To evaluate this, let's look at the diabetes data set. This is normally a regression task, so we'll have to binarize the response using the median value. Additionally, the data has been scaled for us already, so we'll have to go ahead an unscale it for the purposes of our demonstration.
In [15]:
from sklearn.datasets import load_diabetes
from sklearn.model_selection import train_test_split
from pomegranate import LogNormalDistribution, BernoulliDistribution, NormalDistribution
data = load_diabetes()
X, y = data.data, data.target
X[:,1] = (X[:,1] - X[:,1].min()) / (X[:,1].max() - X[:,1].min())
X[:,0] -= X[:,0].min() - 0.001
X[:,2] -= X[:,2].min() - 0.001
X[:,3] -= X[:,3].min() - 0.001
y = y > numpy.median(y)
X_train, X_test, y_train, y_test = train_test_split(X, y, test_size=0.2, random_state=1)
The first four variables correspond to age, sex, BMI, and average blood pressure. The remaining six features are different blood serum measurements.
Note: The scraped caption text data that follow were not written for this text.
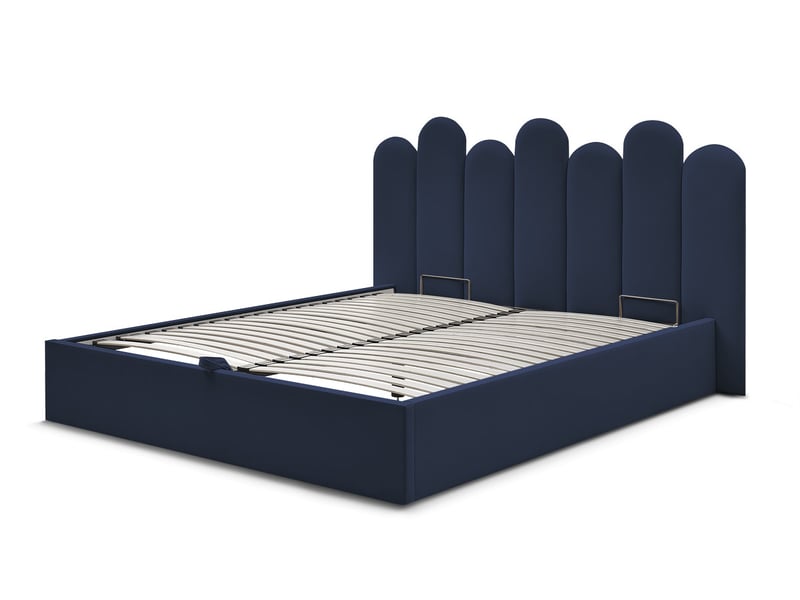  Bobochic lit coffre badja velours bleu foncé 140x190 BADJA - Conforama C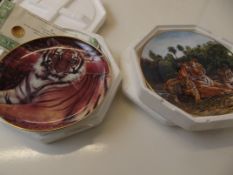 Two cabinet plates depicting tigers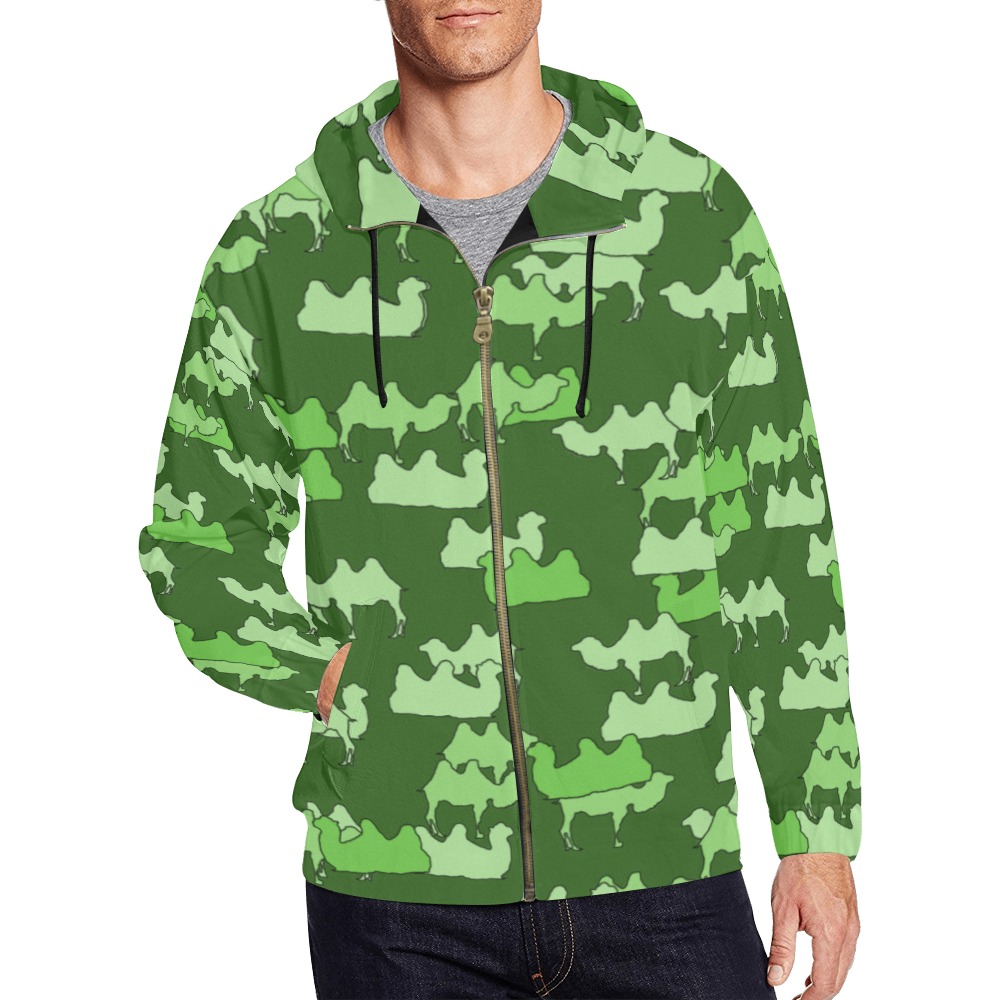 camouflaged Camels green All Over Print Full Zip Hoodie for Men (Model H14)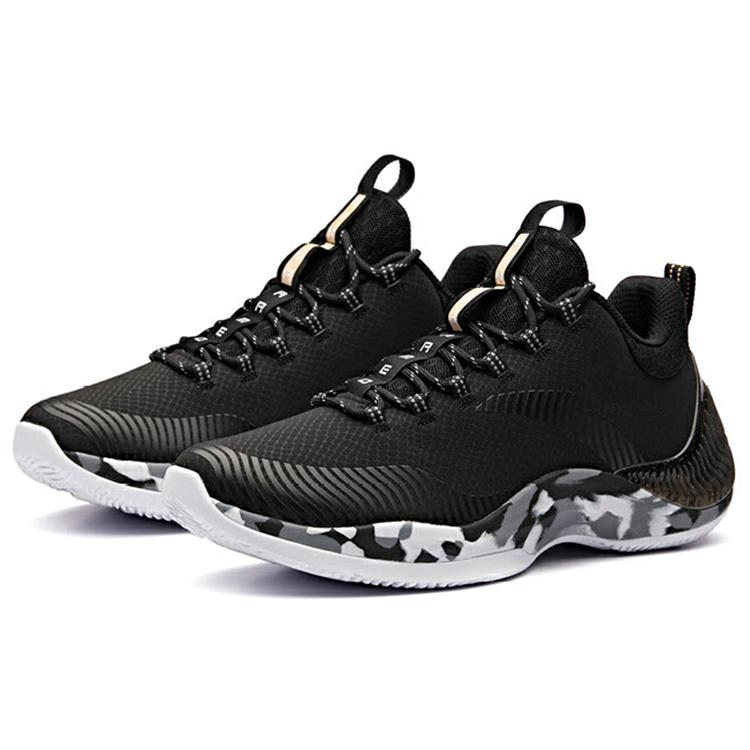 Anta The Dagger 2 Low top Basketball Shoes Men's Black White Gray 11841304-8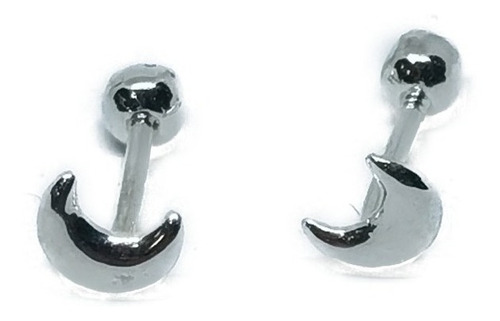 Aretes Luna Mini 3 Mm Para Bebe Plata 925 Y Estuche G18
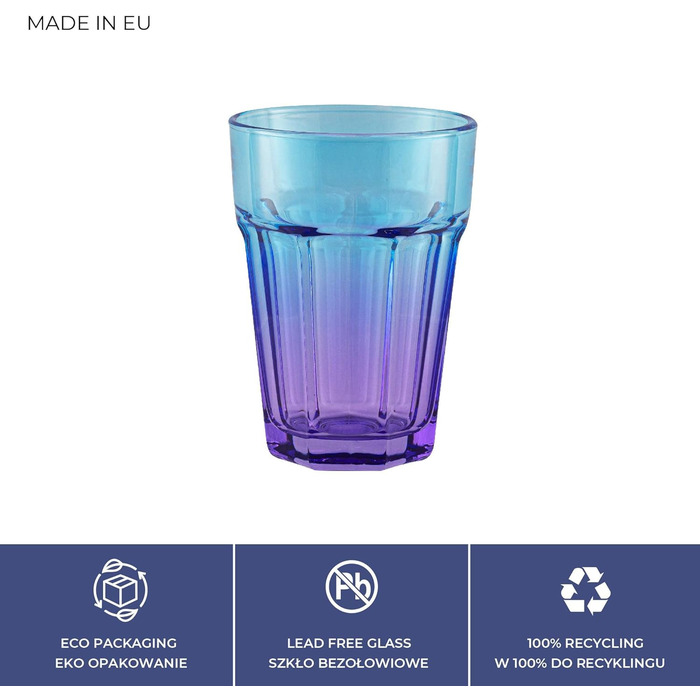 Set of 6 Colorful Glasses - Colorful Water Glasses 425 ml - Drinking Glasses Blue Purple - Long Drink Glasses - Cocktail Glasses - Juice Glasses - Large Colored Drinking Glasses - Caipirinha | Gigi Dreamy Sunset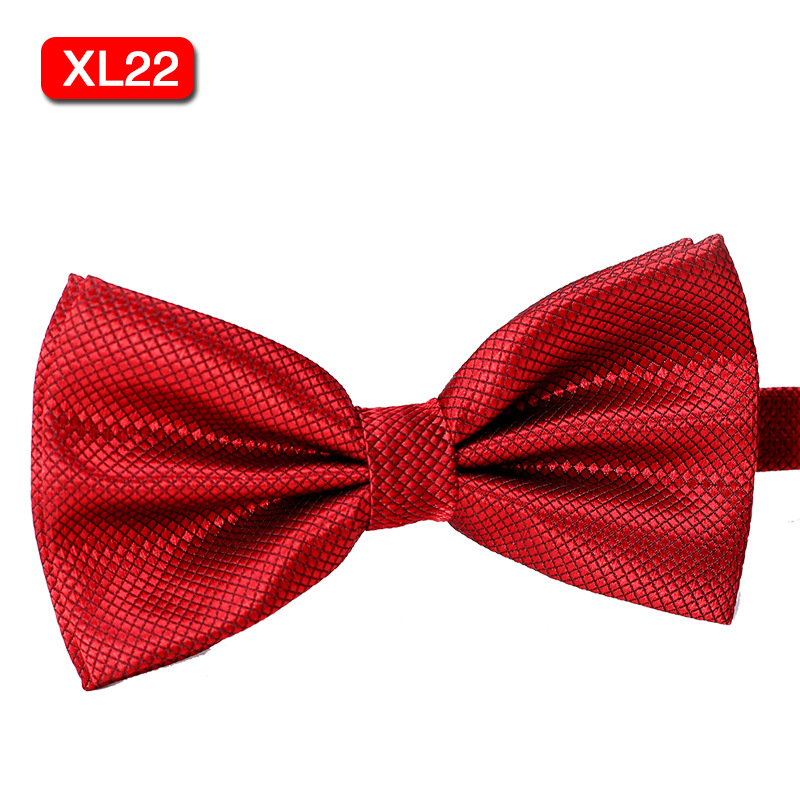 Nuevo color sólido moda simple vestido arco e-commerce fiesta boda color sólido cuadros finos pajarita pañuelo traje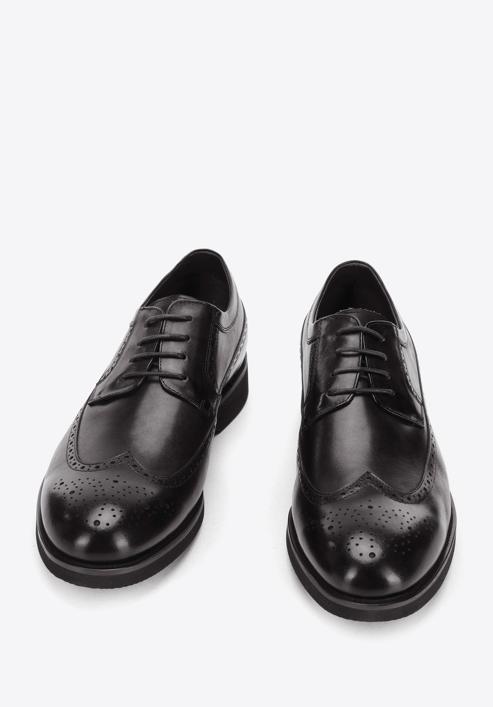 Men's leather brogue shoes, black, 94-M-511-1-42, Photo 2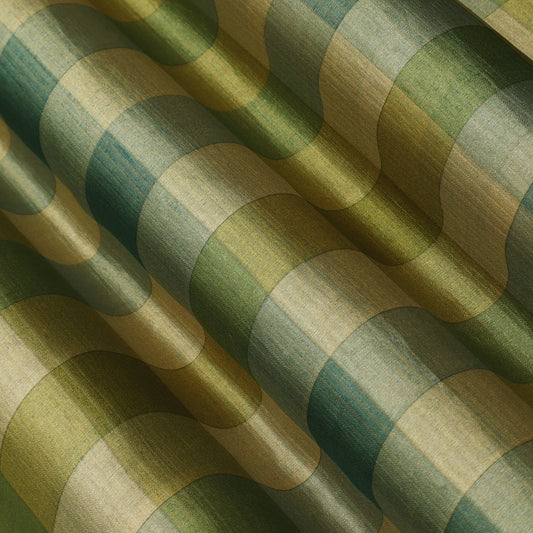 Pure Tissue Brocade Fabric  Multitone Checked Weave with Elegant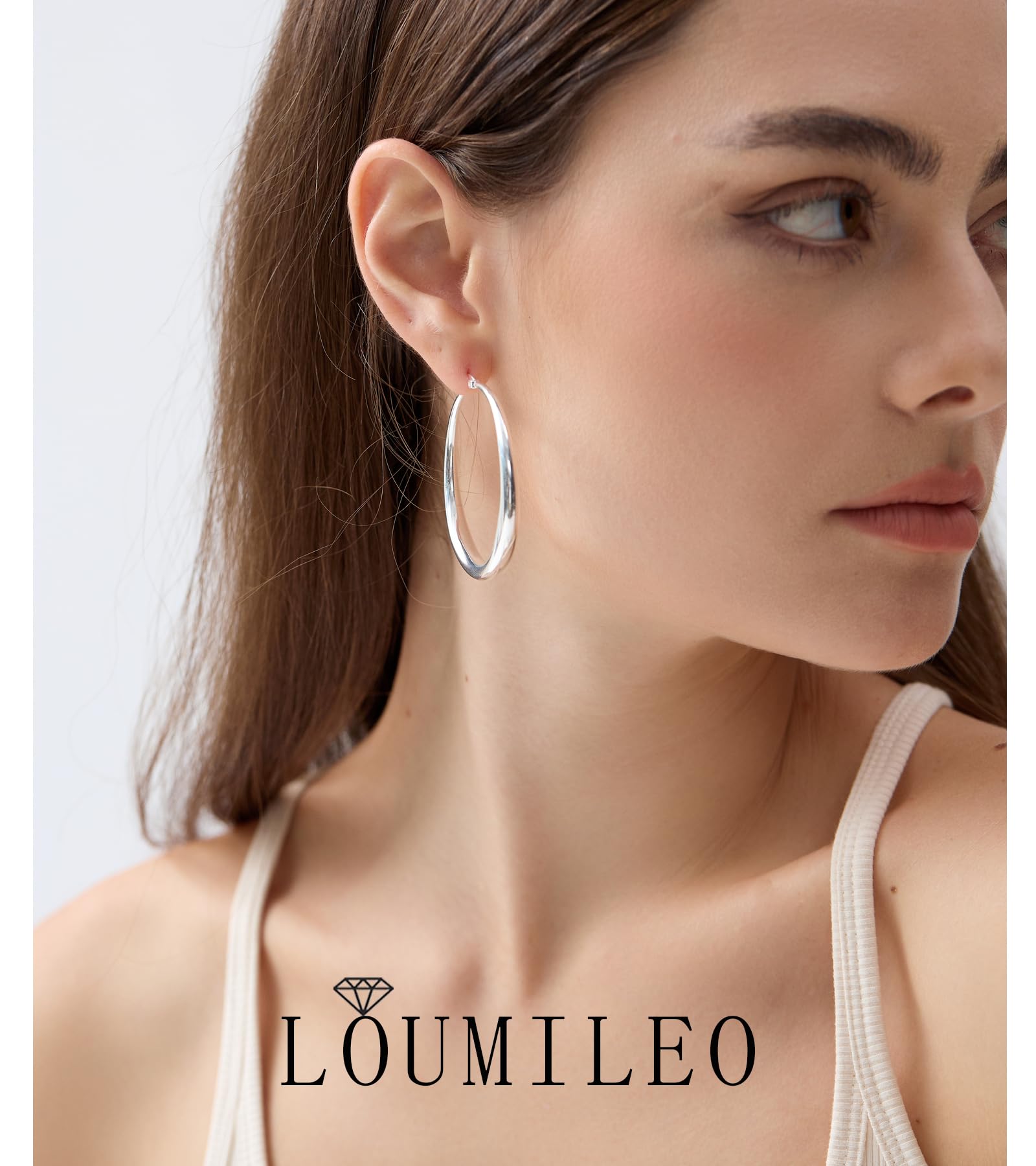 LOUMILEO 925 Sterling Silver Hoop Earrings Large Silver Hoop Earrings for Women Hypoallergenic Big Silver Hoop Earrings Lightweight Silver Hoops Earrings for Women Girls (50mm)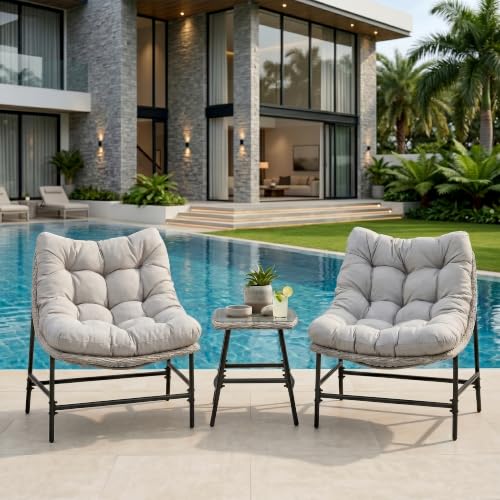 Image of OUTLIVING Fluffo Outdoor Two Seater Braid & Rope Conversation Set | UV & Water Resistant Patio & Garden Furniture Set with 2 Cushioned Chairs & Center Table with Glass Top | Slate Grey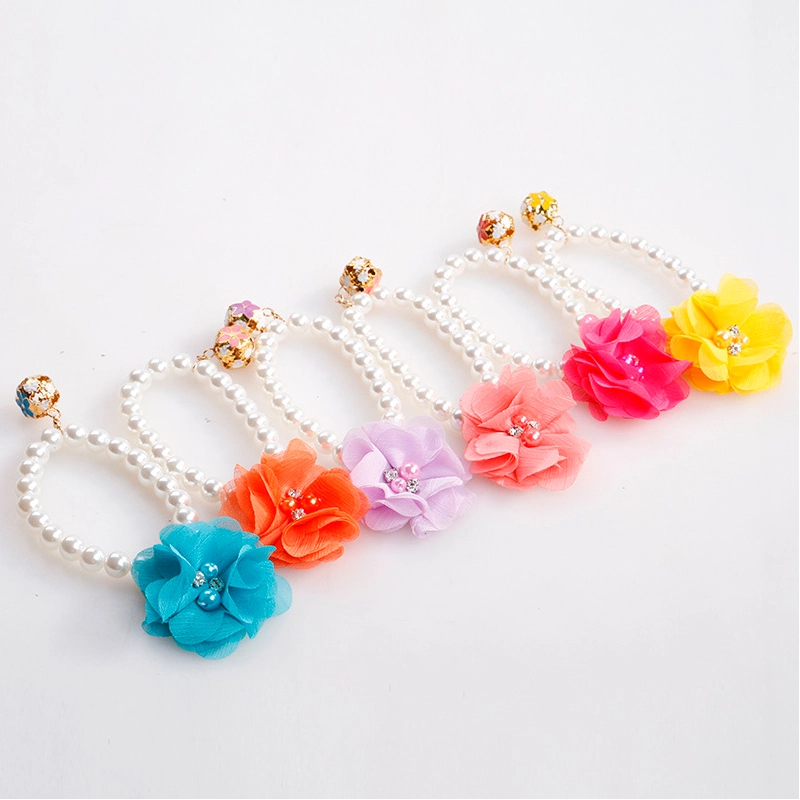 pets pearl necklace flower collar
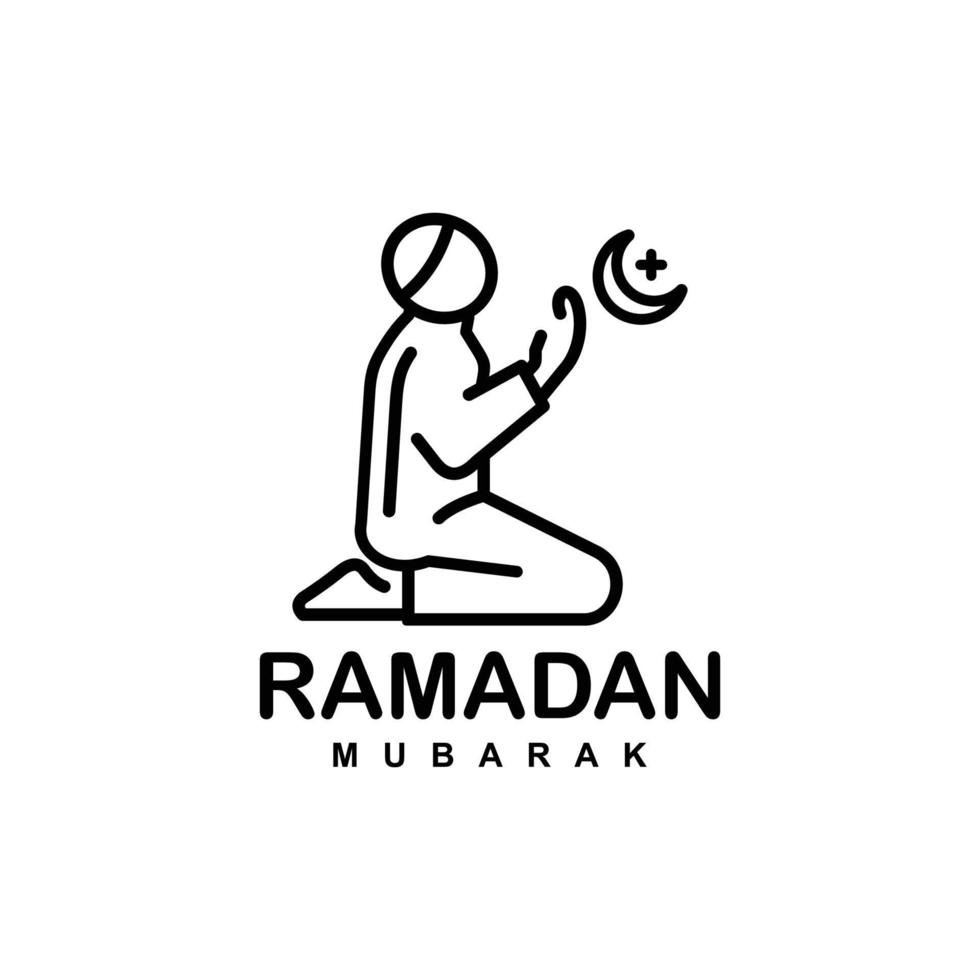 logotipo de Ramadán. Ilustración de vector de icono plano simple de oración islámica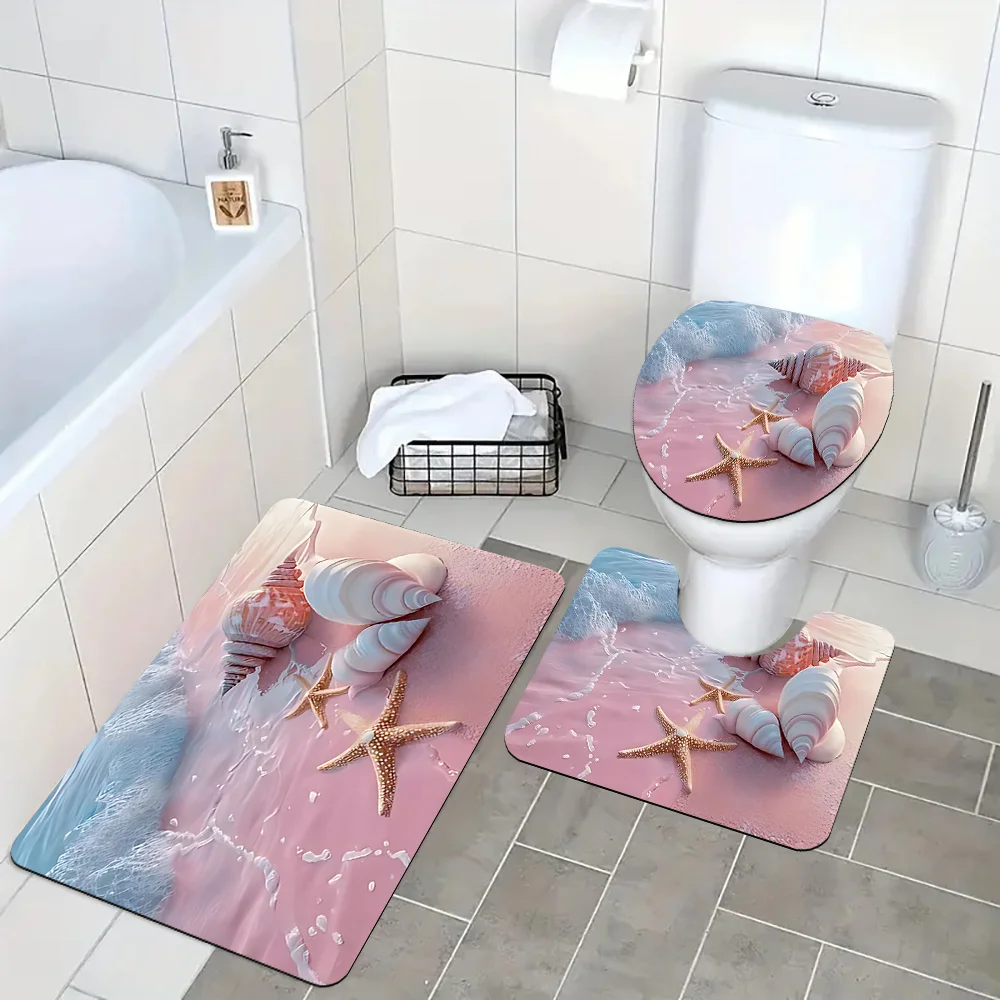 Coastal Beach Bathroom Mat Set Home Decor Sea Shell Bath Rug Toilet Mat Accessories Slippers Nautical Design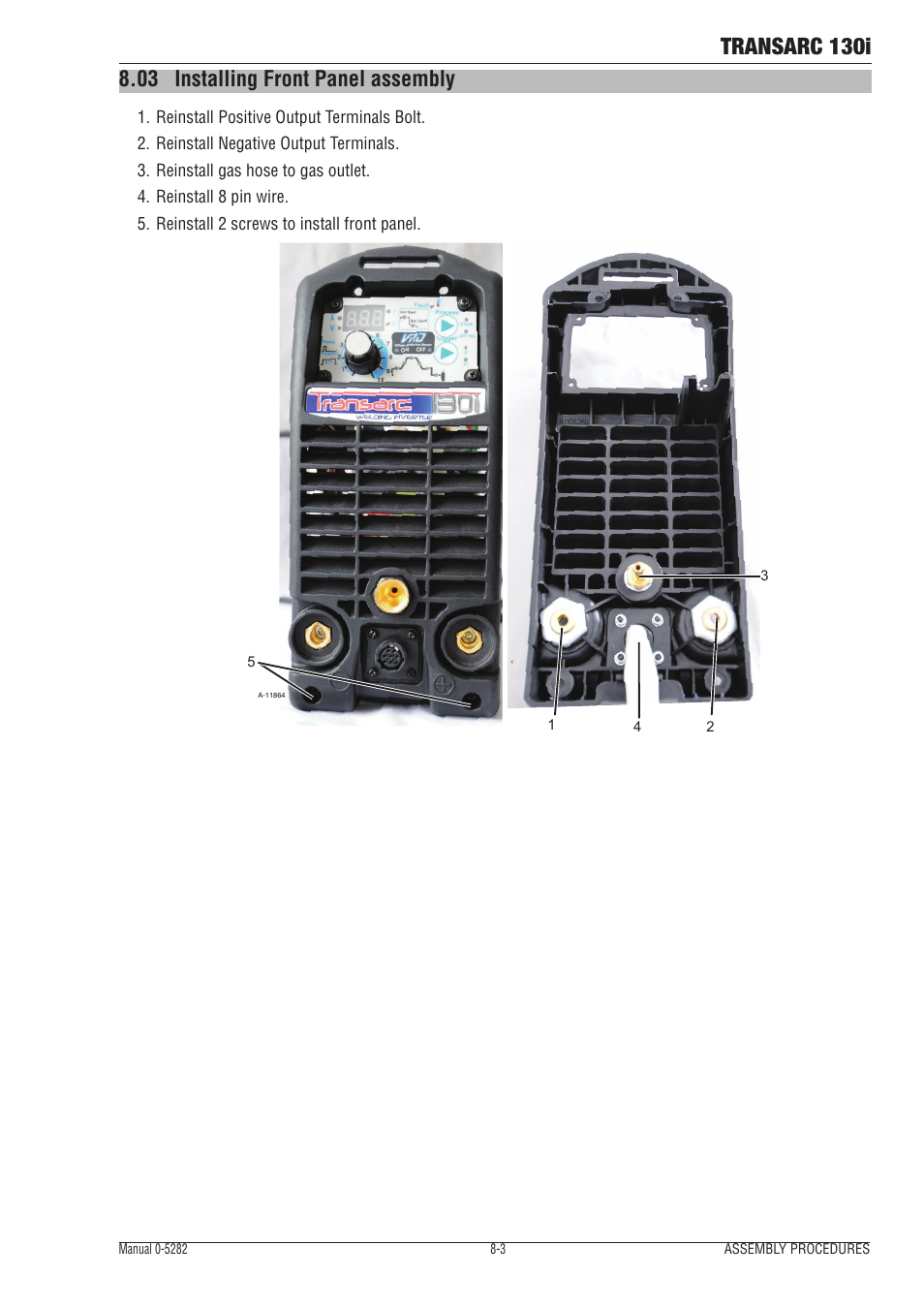 03 installing front panel assembly, Installing front panel assembly -3, Transarc 130i | Tweco 130i Transarc Service Manual User Manual | Page 71 / 86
In this example, let's use univariate distributions to model the first four variables, and a multivariate Gaussian with a full covariance matrix to model the last six.
To get a sense for what distributions might be a good fit for the first four features, we can visualize the training data.
In [16]:
import matplotlib.pyplot as plt
names = 'Age', 'Sex', 'BMI', 'Average Blood Pressure'
plt.figure(figsize=(14, 2))
for i in range(4):
plt.subplot(1, 4, i+1)
x = numpy.arange(0.01, 0.3 if i != 1 else 1, 0.01)
plt.hist(X_train[:,i], bins=10, normed=True)
plt.plot(x, LogNormalDistribution.from_samples(X_train[:,i]).probability(x), label="LogNormal")
plt.plot(x, NormalDistribution.from_samples(X_train[:,i]).probability(x), label="Normal")
plt.title(names[i], fontsize=12)
plt.legend(loc=(1.05, 0.4))
plt.show()
It looks like age and BMI may be better modeled by a normal distribution than a log normal distribution, but that average blood pressure is better modeled with a log normal distribution. Due to the binary nature of sex in this data set, a Bernoulli distribution seems like the right choice.
Let's now train a Bayes' classifier using our custom block distribution! To evaluate its performance, let's compare against a model that simply uses a single multivariate Gaussian distribution per class.
In [17]:
ds = [BlockGaussianDistribution([NormalDistribution.blank(),
BernoulliDistribution.blank(),
NormalDistribution.blank(),
LogNormalDistribution.blank(),
MultivariateGaussianDistribution.blank(6)]) for j in range(2)]
model = BayesClassifier(ds)
model.fit(X_train, y_train)
model2 = BayesClassifier.from_samples(MultivariateGaussianDistribution, X_train, y_train)
model.score(X_test, y_test), model2.score(X_test, y_test)
Out[17]:
It looks like the custom distribution can outperform the simpler, full covariance Gaussian, in this setting.